While learning about Fourier Transform after Fourier Series, That we can calculate Fourier transform of periodic signals too. If we can take the Fourier transform of periodic signal too then my question is why we Fourier series if Fourier transform can be calculated for both periodic and aperiodic?
You can't take the Fourier transform of a periodic signal, the integral diverges for all multiples of the period.
This can be handled by the theory of distributions, but the Fourier series is a better fit.
The difference between a series and a function is, algebraically speaking, the field over which you define the mapping, and important concepts like convergence and differentiability.

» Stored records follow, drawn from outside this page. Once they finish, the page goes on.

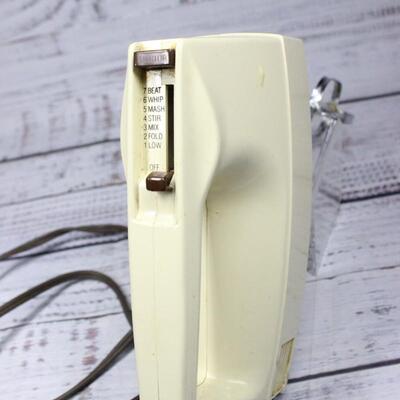 Vintage Sunbeam Mixmaster 7 Speed Hand Mixer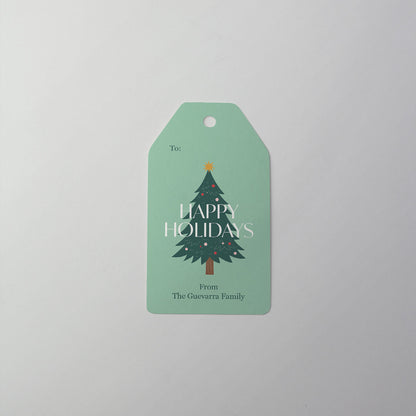 Christmas Tree Gift Tag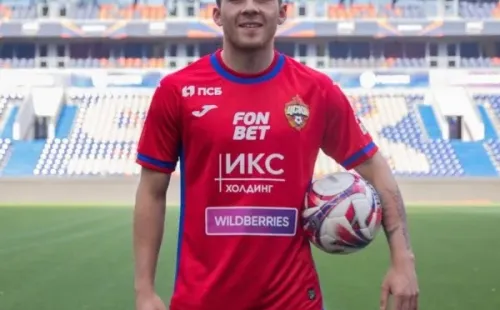 Víctor Felipe Méndez llega al fútbol ruso en una temporada particular. Foto: Comunicaciones CSKA Moscú.
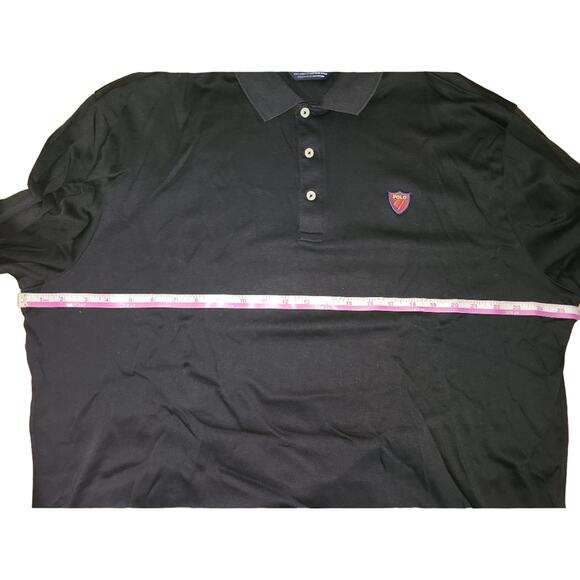 POLO GOLF RALPH LAUREN Black Mens Long Sleeve Polo Pima Cotton Size XL‎ - Picture 6 of 10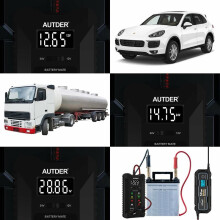 Testador de bateria para carros, voltímetro automotivo de 12V e 24V com proteção contra inversão de polaridade, testador de carga e analisador de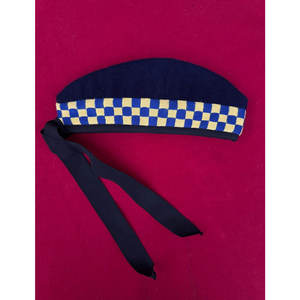 Casquette écossaise bleue et jaune à motifs, style Glengarry, pour bagpipeur, 100% laine bleu marine, chapeau de kilt celtique pour bagpipeur - Product Image 5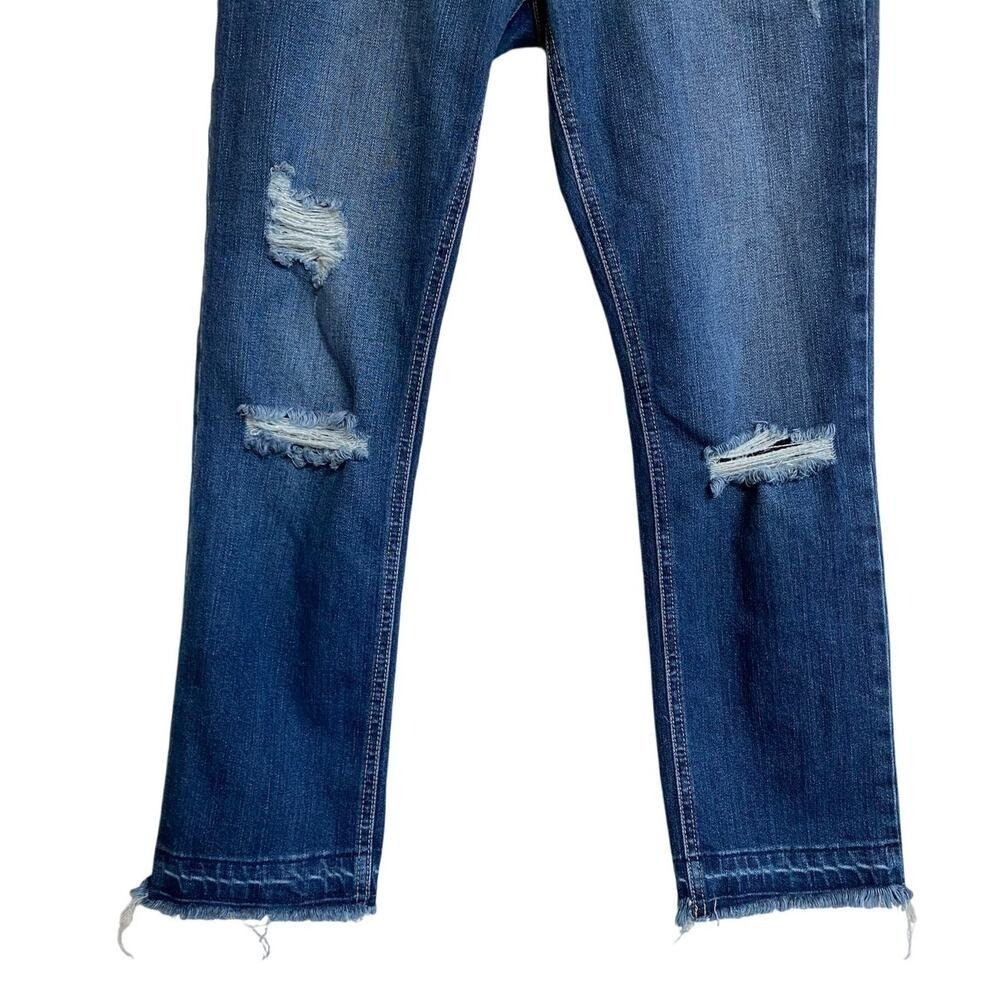 CURRENT/ELLIOTT The Cropped Straight Limitless Destroy Released Hem 27 Excellent - Picture 5 of 15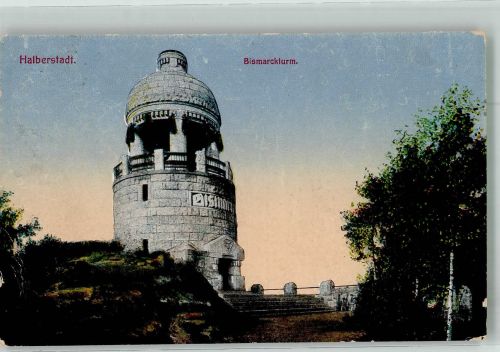 O3600 Halberstadt Bismarckturm Verlag Lederbogen Nr. 128 Bismarckdenkmal 1921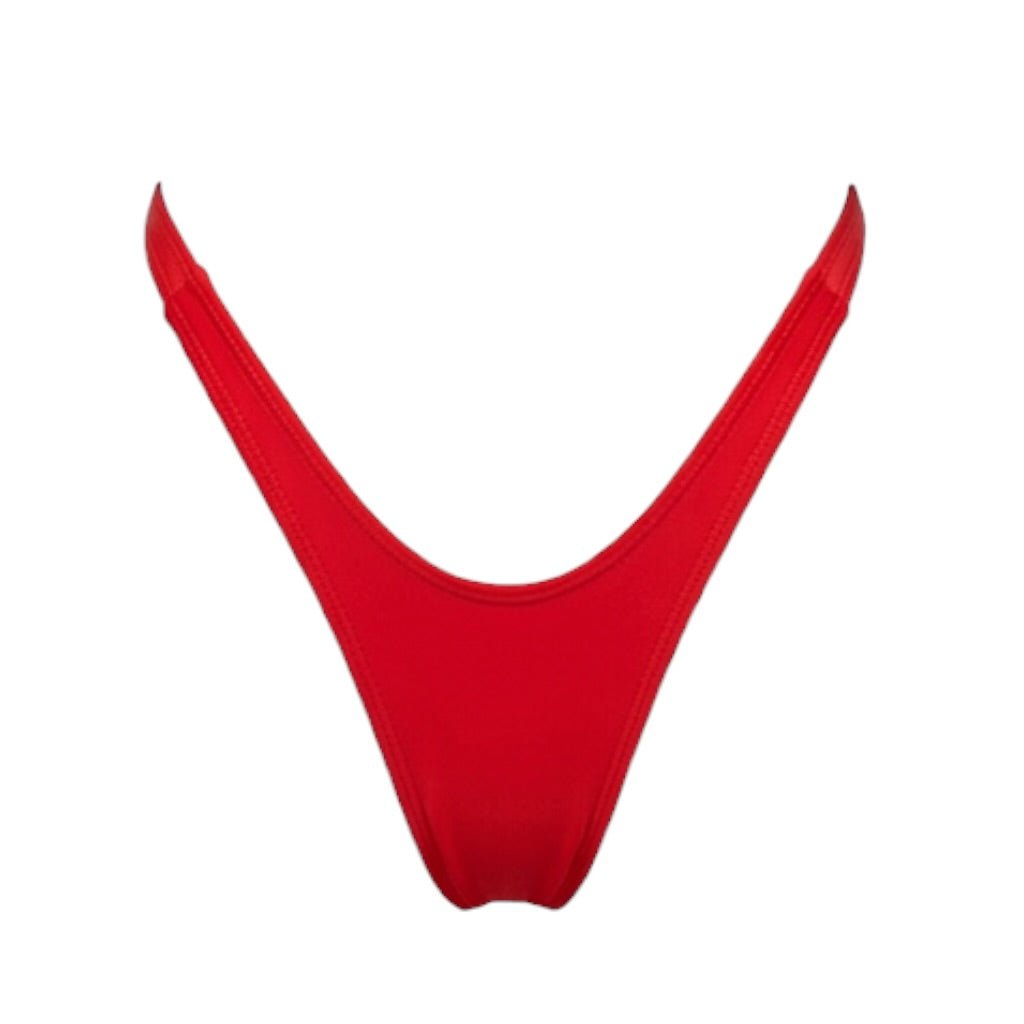 Retro High Thigh Cut Thong - Red - GrlFriday Shop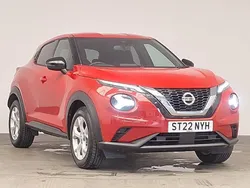 Red Used 2022 Nissan Juke N-Connecta SUV | £15,798 (Fair price)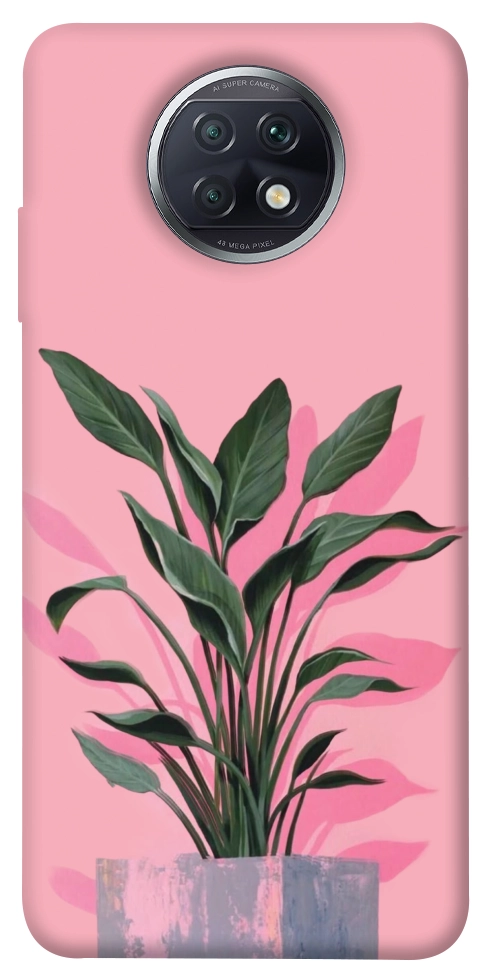 Чехол Pink plant для Xiaomi Redmi Note 9T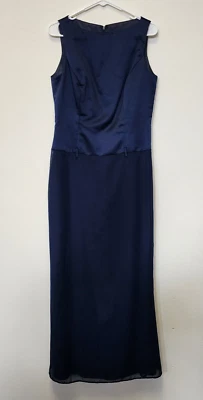 Dessy Creations Vintage 10-12 Navy Gown Evening Wedding Maxi Whimsy Fairy - Изображение 1 из 4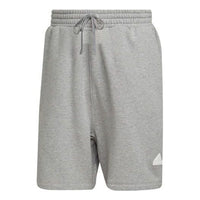 Men's adidas New Fl Shorts Solid Color Casual Straight Sports Gray HN1932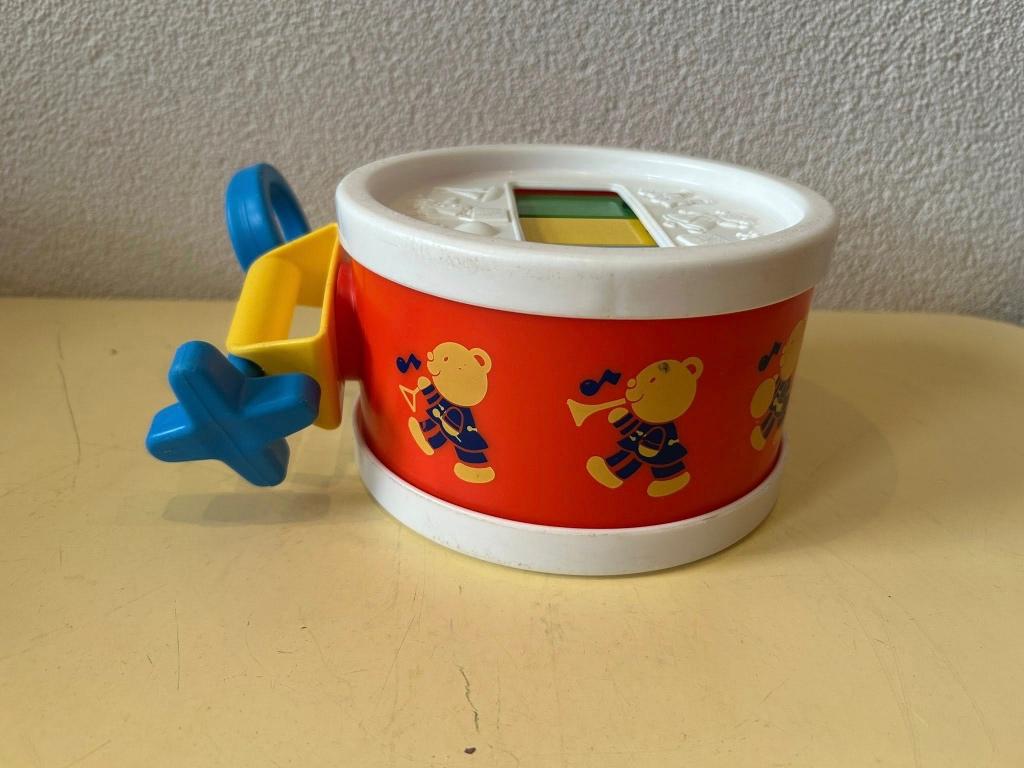 Vintage 1976 Fisher Price trommel & xylofoon, Ophalen of Verzenden, Gebruikt, Speelset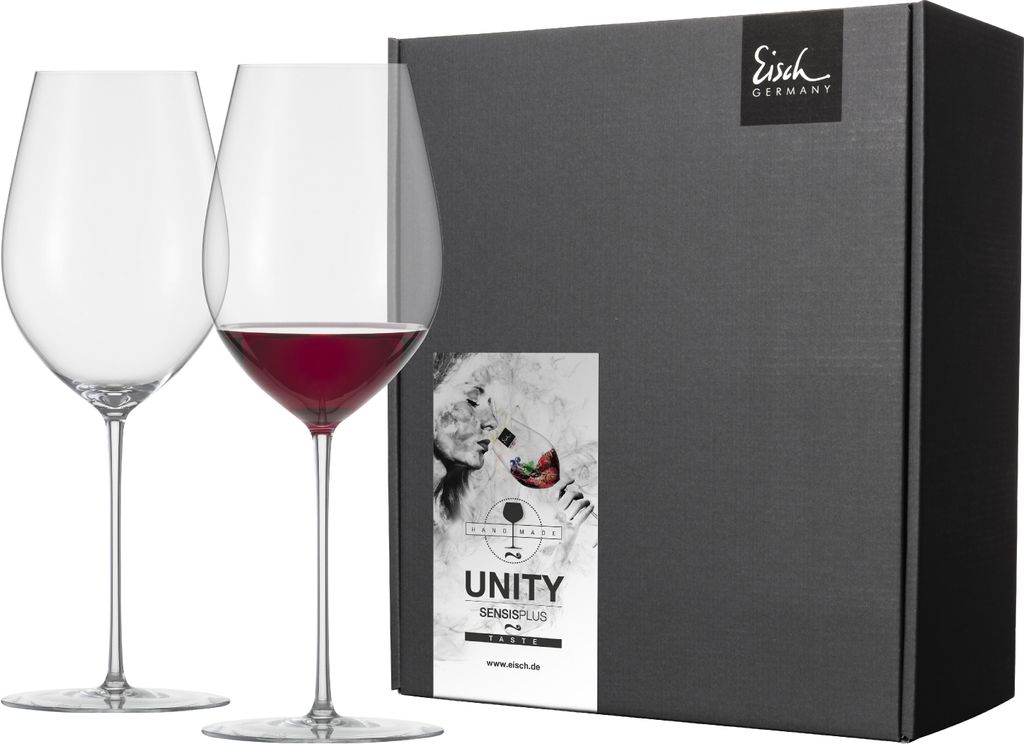 Eisch Rotweingläser Unity Sensis plus, 2er Set, Rotweinglas, Weinglas, Kristallglas, 615 ml, 25224020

Your choice of whether you're after the Fourier Series representation or the Fourier Transform doesn't depend on what you want to analyze, but what you want to do -- these are two separate concepts, and you shouldn't confuse them.
For example, in Physics you'll need the Fourier transform to convert a crystal grid from spatial domain to impulse domain -- although crystals are assumed to be perfectly periodic, having but a series won't cut it as soon as you want to do functional analysis on it.
On the other hand, in digital signal processing, you typically neither have infinite nor perfectly periodic signals, so your Discrete Fourier Transform (DFT) gives you a finite series.
The point here is that you write yourself:
While learning about Fourier Transform after Fourier Series
Keep learning. Sooner than later, you'll understand the significance of both concepts.
It's all the same thing. They are just different flavors based on signal properties to make the math work properly.
If a signal is periodic than its transform is discrete and vice versa. If the signal is aperiodic the transform is continuous and vice versa. So there are a total of four flavors
time frequency name cont. aperiodic cont. aperiodic Fourier Transform cont. periodic discrete aperiodic Fourier Series discrete aperiodic cont. periodic Discrete Fourier Transform discrete periodic discrete periodic Discrete Fourier Series or Discrete Time Fourier Transform
The difference in the formulas is simply due to the fact that you need summation for discrete signals and integration for continuous signals.
Fourier series and Fourier transform basically involve the decomposition of the signals in terms of sinusoidal (or complex exponential) components. With such decomposition, a signal is said to be represented in the frequency domain. Most signals of practical interest can be decomposed into a sum of sinusoidal components. For the class of periodic signals, such a decomposition is called the Fourier Series. For the class of finite energy signals the decomposition is called a Fourier Transform.